It appears that despite the depredations of the big storm, the New York City Marathon is likely to take place as scheduled on Sunday. While the 47,000 runners entered have too little time to remedy any major lapses in training, there is one element that can still be tweaked, two new studies show: what to eat in the days before the race.
Phys Ed
Gretchen Reynolds on the science of fitness.
The ideal composition of a pre-marathon diet has been somewhat in dispute recently. For years, marathoners were told that they should swallow as many carbohydrates as possible in the week leading up to the race in order to "load" their muscles with stored carbohydrates, or glycogen, the readiest energy source for working muscles.
But such prolonged carbo-loading often leaves runners bloated and heavy; when muscles pack in glycogen, they also add water, and therefore weight, which must be hefted throughout the 26.2 miles of the marathon. Women, in particular, have been found in some studies to benefit little, if at all, from prolonged carbo-loading before marathons.
However, a study published last month in The International Journal of Sport Nutrition and Exercise Metabolism found that carbo-loading can be effective for both men and women — but is best if it's truncated, encompassing only a day or so of dietary manipulation.
For the study, researchers at the University of Minnesota turned to a ready-made pool of volunteers, consisting of students enrolled in Physical Education 1262: Marathon Training, who were aiming to finish the local Eau Claire Marathon for class credit.
Forty-six students joined the study, 36 of them women and all but two of them first-time marathon runners.
Several weeks before the event, the runners completed a two-mile time trial, to determine their endurance and running ability.
Then, beginning three days before the race and continuing through breakfast on race morning, they kept detailed food diaries. They also noted, to the extent possible, what they ate and drank during the race.
All of the students finished the race, with an average time of 4 hours 43 minutes (and, one would hope, an A grade in P.E.).
But, statistical analysis showed, those runners, both men and women, who'd eaten the most carbohydrates on the day before the race finished faster than those who'd eaten fewer carbohydrates that day.
These results neatly replicate those of a larger study published last year of 257 male and female runners who completed the 2009 London Marathon. Those runners also kept detailed food and training diaries, which researchers compared with their finishing times. In this case, the scientists also tracked each runner's pace at five-kilometer increments throughout the race.
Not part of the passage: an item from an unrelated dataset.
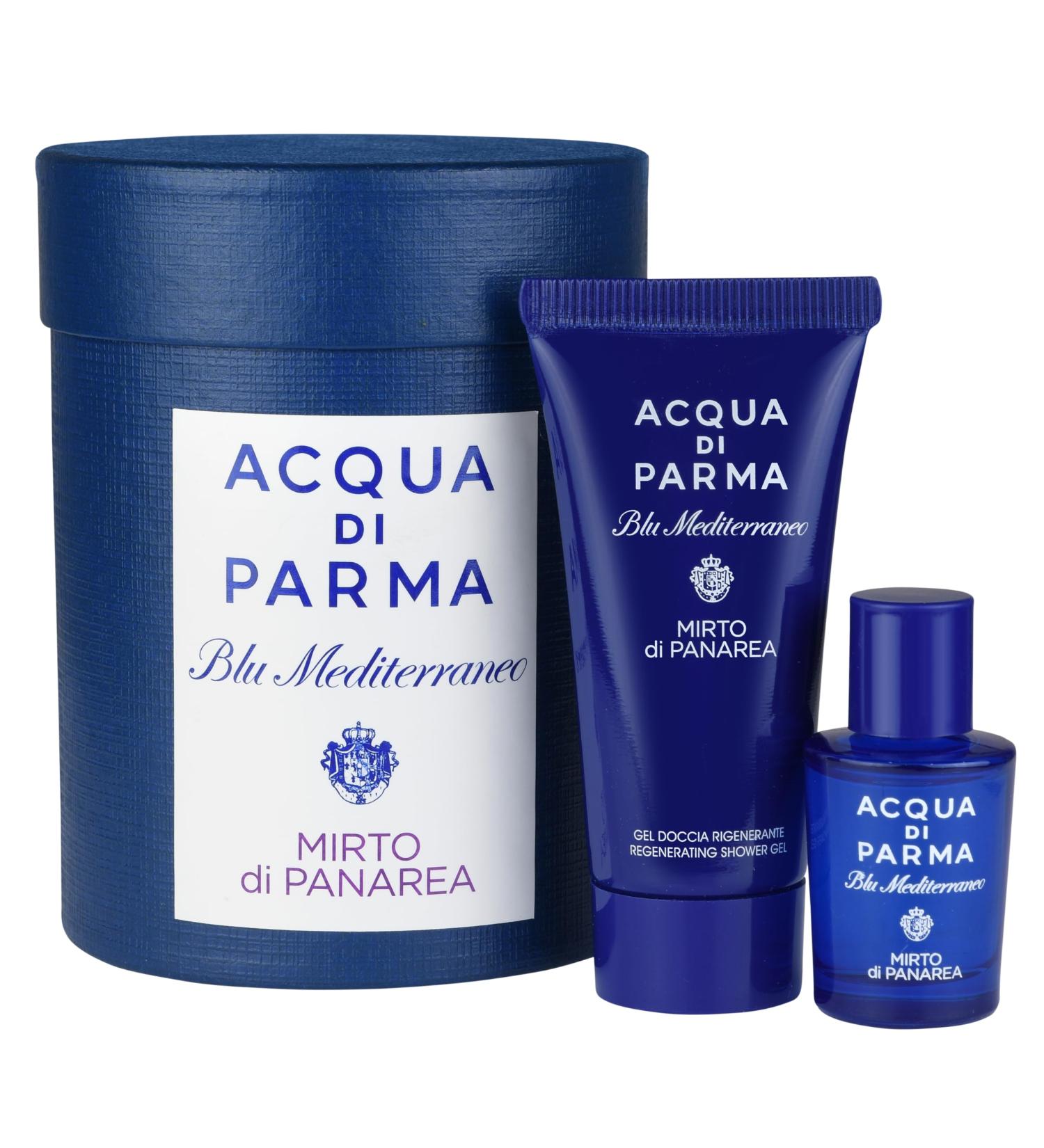 Acqua Di Parma Mens Cologne Sampler Sets - Mini Blu Mediterraneo Mirto di Panarea 0.17 oz EDT + Shower Gel 0.67 oz - Mediterranean Perfume for Men and Women - Buy Online on GoSupps.com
They found that, as in the Minnesota study, runners who'd loaded up on carbohydrates the day before the race ran faster than those who had eaten fewer carbohydrates. The difference was especially striking beginning at about the 18-mile mark, just when many runners famously "hit the wall" and feel their energy flag. The carbo-loaded runners jauntily maintained their pace. The others did not.
In both studies, carbohydrates eaten at breakfast on race day, during the race itself or on days earlier in the week were relatively unimportant. It was primarily what people ate on the day before the race that mattered.
And yet, few of the runners in either study actually consumed enough carbohydrates to benefit, even if they thought that they were doing so. In both studies, the minimum effective "dose" of carbohydrates was at least six or seven grams for every kilogram of a person's body weight, or about a quarter-ounce of carbohydrates for every 2.2 pounds of body weight. By that formula, a 220-pound runner would need to consume at least 25 ounces, or more than a pound and a half, of carbohydrates on the day before a marathon to finish faster.
In the Minnesota study, fewer than a quarter of the marathoners consumed that many of carbohydrates on the day before the race. In the London study, barely 12 percent did.
What those numbers suggest is that many more marathon runners could benefit from a brief bout of carbo-loading than currently do. And the process itself is relatively simple, says Patrick Wilson, a graduate student at the University of Minnesota who led the study of novice runners. You don't need to increase your food volume or calories the day before a race; just replace some fats or proteins with carbohydrates.
"I often tell people to choose relatively concentrated sources of carbs, like juices, pasta, rice and sweets," Mr. Wilson says. "That way, the volume of food needed isn't so enormous." In addition, he says, "lower-fiber foods may be good, since that could reduce the potential for stomach distress during the race." (According to a rather intrusive study this year, extremely high intake of carbohydrates was associated with faster times during endurance races but also with "nausea and flatulence.")
Don't completely upend your normal diet, though. "Stick to foods that are familiar," Mr. Wilson says. "It's always a bad idea to experiment right before a race."
And don't expect that diet alone will lift you from the back of the pack. In the British study, every increase of 1 gram per kilogram of body weight in the carbohydrates that runners consumed on the day before the race increased their speed by about 0.1 miles per hour.
Far more important in the overall determination of people's finishing times was their training and their fundamental fitness. In the Minnesota study, the runners who were fastest during the time trial were fastest in the marathon, too.
You can't alter your training or talent at this point. You can, though, have a chocolate chip cookie on Saturday and call it race preparedness.